The following is the processing for detecting the turning point position in the Z-axis direction in the turning point detection unit 132 described. The processing for detecting the turning point position in the Z-axis direction in the turning point detection unit 132 is similar to the processing of the flowchart of 4th performed, however, the direction of movement based on the change (enlargement, reduction or constant) of one by the position command generation unit 110 generated position command and not by comparing a value of the Z axis of the nth line of the machining programs with a value of the Z axis of the (n + 1) th line of the machining programs.

The reversal point detection unit 132 detects the reversal point position in the Z-axis direction based on one of the acceleration-deceleration control unit 113 issued position command. The drawing unit 135 visualized by the reversal point detection unit 132 detected reversal point position, superimposes the resulting reversal point position on an image of a workpiece, and generates image information indicating that the reversal point position at the Workpiece is displayed. And the display unit 136 shows that by the drawing unit 135 generated image information.

If actually streaking on you through the machine 300 a machined workpiece is generated based on the machining programs, a user observes whether the banding on the machined workpiece with the lines of the through the reversal point detection unit 132 detected reversal point positions in the Z-axis direction coincides. When the streaking on the machined workpiece coincides with the lines of the reversal point positions in the Z-axis direction, it is determined that the streaking due to the reversal point of the Z-axis direction in the by the position command generation unit 110 generated position command is generated. If the streaking on the machined workpiece does not coincide with the lines of the reversal point positions in the Z-axis direction, it is determined that the streaking is due to a factor other than the reversal point of the Z-axis direction by the position command generation unit 110 is produced. In the machining programs, the movement command is generated jointly for each axis. However, since two rotary axes are added to three straight axes in simultaneous 5-axis machining, the movement size of control points of a machining structure and the tool length must be taken into account. In the machining programs for a 5-axis machine tool, instructing the tip position of the tool and tilting the tool with respect to a workpiece becomes the route of the tip point of a tool 304 like through the route L1 indicated by the tool tip control of 7 reliant.
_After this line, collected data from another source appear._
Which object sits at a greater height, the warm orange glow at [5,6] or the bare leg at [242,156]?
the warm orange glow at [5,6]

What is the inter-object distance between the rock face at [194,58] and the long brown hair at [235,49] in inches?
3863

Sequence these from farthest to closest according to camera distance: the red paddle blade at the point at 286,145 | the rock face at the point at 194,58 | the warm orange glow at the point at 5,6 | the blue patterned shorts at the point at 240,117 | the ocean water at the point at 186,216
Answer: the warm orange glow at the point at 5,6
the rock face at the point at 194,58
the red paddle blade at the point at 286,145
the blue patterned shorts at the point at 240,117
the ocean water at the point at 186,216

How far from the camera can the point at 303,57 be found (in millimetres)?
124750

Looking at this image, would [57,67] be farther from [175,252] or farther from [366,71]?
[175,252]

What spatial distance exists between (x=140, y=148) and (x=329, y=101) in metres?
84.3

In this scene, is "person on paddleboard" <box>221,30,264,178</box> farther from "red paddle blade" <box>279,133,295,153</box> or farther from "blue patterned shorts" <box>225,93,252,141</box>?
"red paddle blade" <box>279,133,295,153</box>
Furthermore, the position command generation unit calculates 110 the control point for each axis taking into account the tool and the machining structure to meet the tip position of the tool and the inclination of the tool with respect to the workpiece. For example, calculated as by the route L2 from 7 specified the position command generation unit 110 the arched route L2 in the Z-axis direction of the control point of the tool 304 . Because it is not possible to analyze the machining programs either, the reversal point position in the Z-axis direction of such a route L2 the reversal point detection unit detects 132 the reversal point position in the Z-axis direction in the route L2 based on the position command. As described above, using the reversal point detection unit 132 it is determined whether the factor for a machining error on a workpiece (banding) is based on a reversal point in the Z-axis direction in the position command.
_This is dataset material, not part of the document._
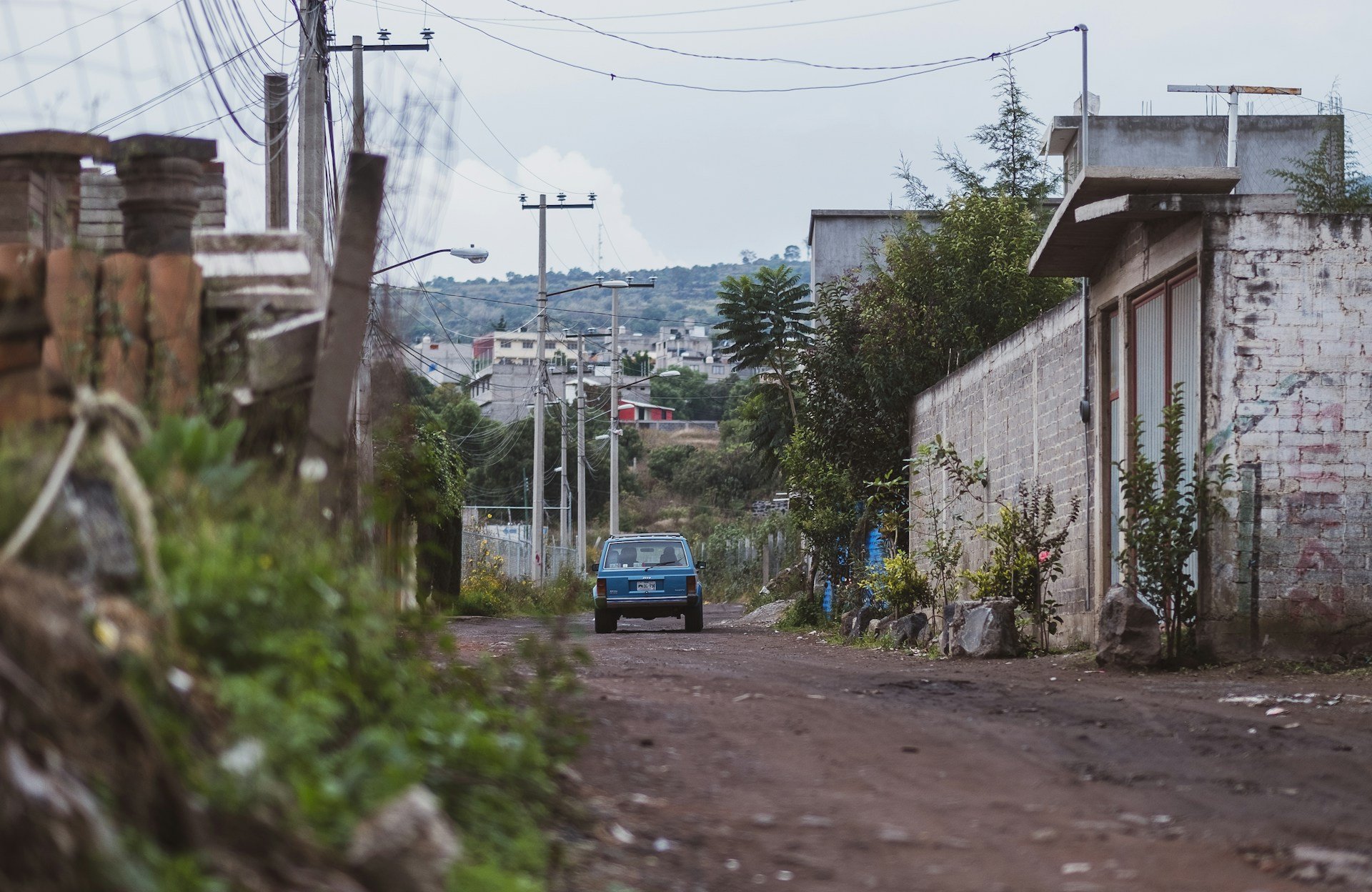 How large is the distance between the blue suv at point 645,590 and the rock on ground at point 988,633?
25.9 ft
The following is the processing for detecting the turning point position in the Z-axis direction in the turning point detection unit 133 described. The processing for detecting the turning point position in the Z-axis direction in the turning point detection unit 133 is similar to the processing of the flowchart of 4th performed, however, the direction of movement based on a change (enlargement, reduction or constant) of a position deviation (the difference between a position command and position feedback information) and not by comparing a value of the Z axis of the nth line of the machining program with a value of Z axis of the (n + 1) th line of the machining program is detected. The reversal point detection unit 133 detects the reversal point position in the Z-axis direction, for example, based on one from the servo control unit 120 output position deviation. If the servo motor 200 a tool of the machine 300 Positioned at a target position of the Z axis, overshoot can occur due to the properties of the servo control unit 120 be generated. Due to this overshoot, a reversal point is generated in the Z-axis direction to return to the target position from the position beyond the target position of the Z-axis direction. The reversal point generated due to the overshoot is based on the characteristics of a feedforward control, etc. of the servo control unit 120 generated and is therefore not based on the command route defined by the machining programs or that by the position command generation unit 110 generated position command. By detecting the reversal point position in the Z-axis direction from the positional deviation, the reversal point detection unit can 133 capture the reversal point generated, for example, due to overshoot.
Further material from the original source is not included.